WHAT YOU HAVE TO DO: Leaving out every picture, copy the lines of the material below exactly, from the line containing "thumbnail image 4" through the line containing "Dalmatian Dad Sticker".

GIVEN INFORMATION:
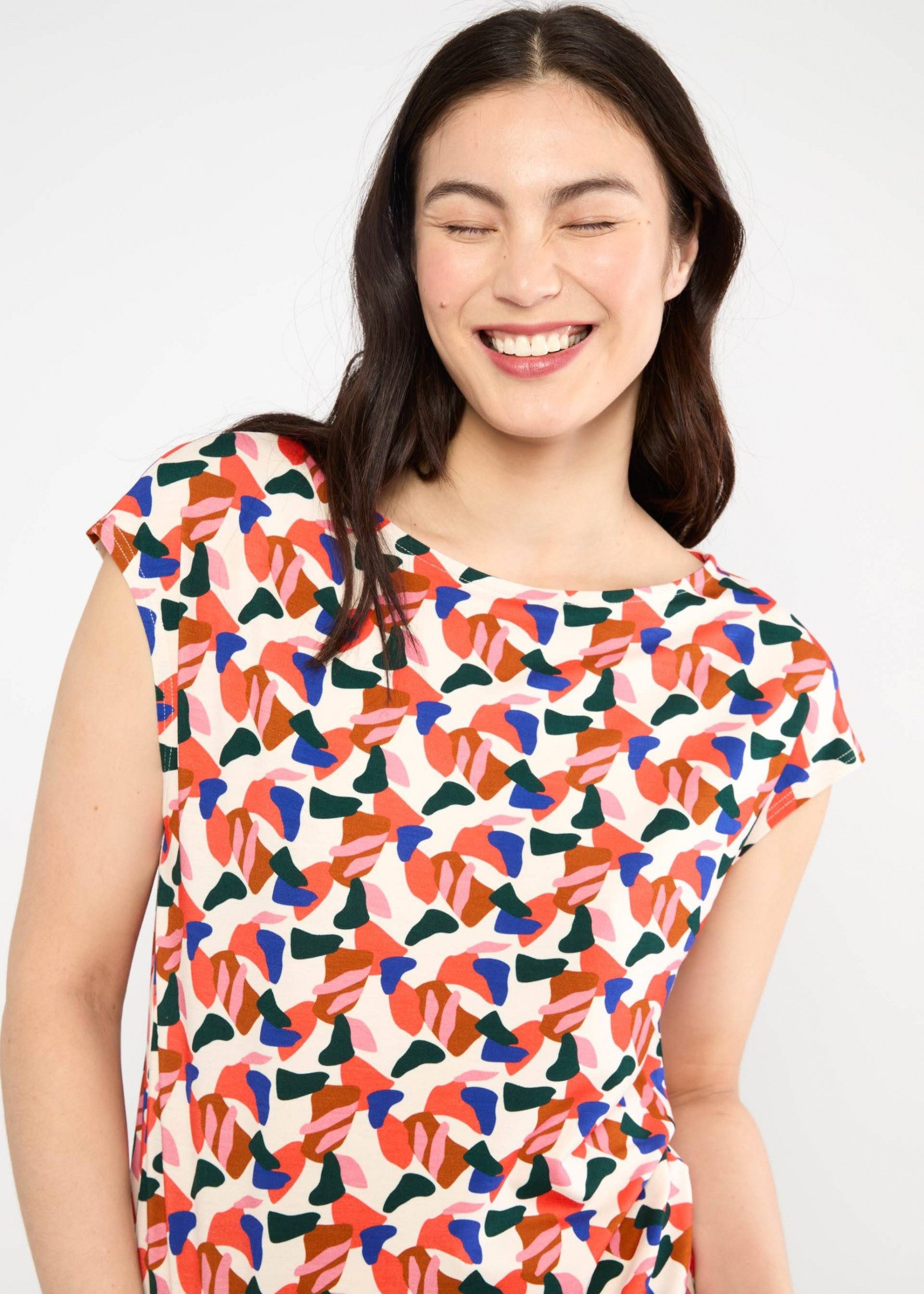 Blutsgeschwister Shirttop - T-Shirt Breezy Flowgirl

* * *

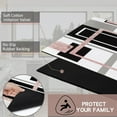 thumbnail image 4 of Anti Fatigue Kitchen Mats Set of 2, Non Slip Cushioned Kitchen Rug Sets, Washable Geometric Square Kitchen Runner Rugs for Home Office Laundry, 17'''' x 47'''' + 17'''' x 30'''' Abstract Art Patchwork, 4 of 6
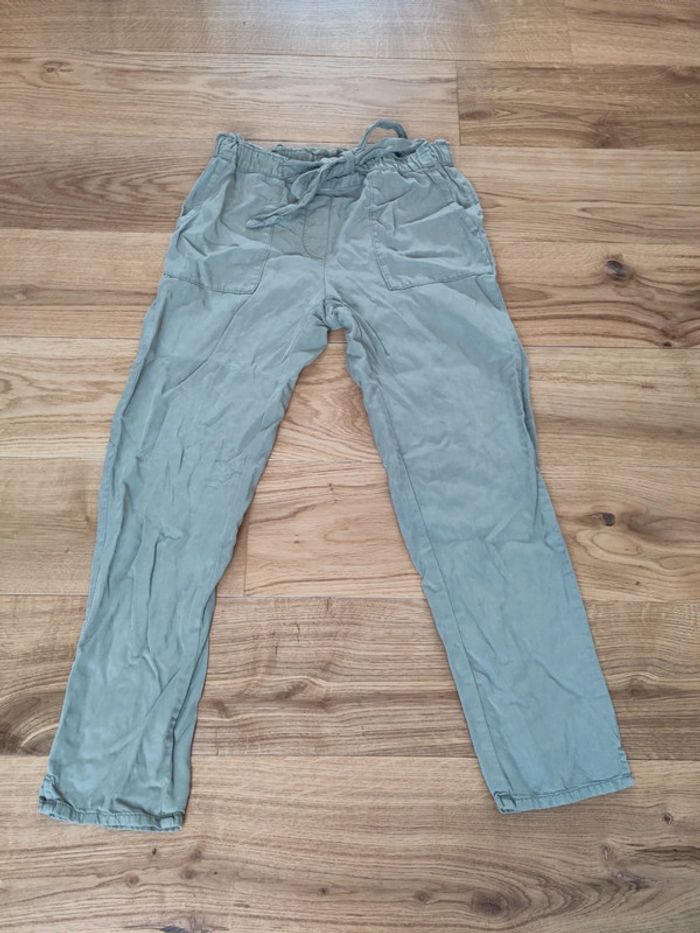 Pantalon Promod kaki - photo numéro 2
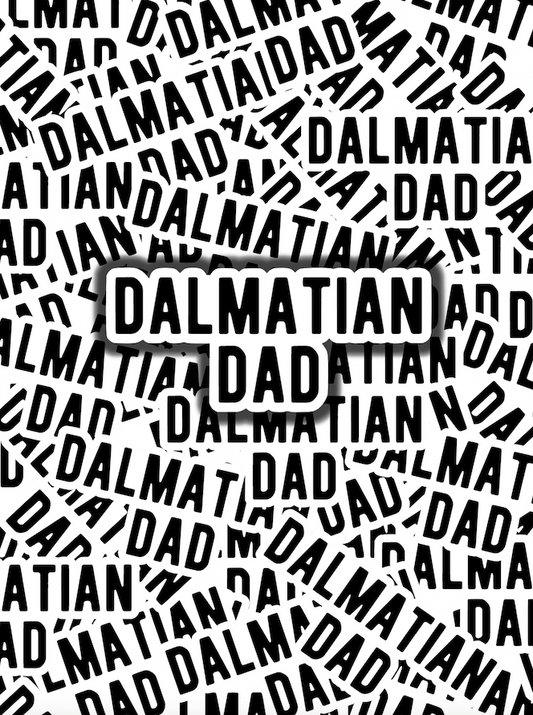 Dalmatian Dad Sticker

RESULT FOR THIS EXERCISE:
 thumbnail image 4 of Anti Fatigue Kitchen Mats Set of 2, Non Slip Cushioned Kitchen Rug Sets, Washable Geometric Square Kitchen Runner Rugs for Home Office Laundry, 17'''' x 47'''' + 17'''' x 30'''' Abstract Art Patchwork, 4 of 6
 Pantalon Promod kaki - photo numéro 2
 Dalmatian Dad Sticker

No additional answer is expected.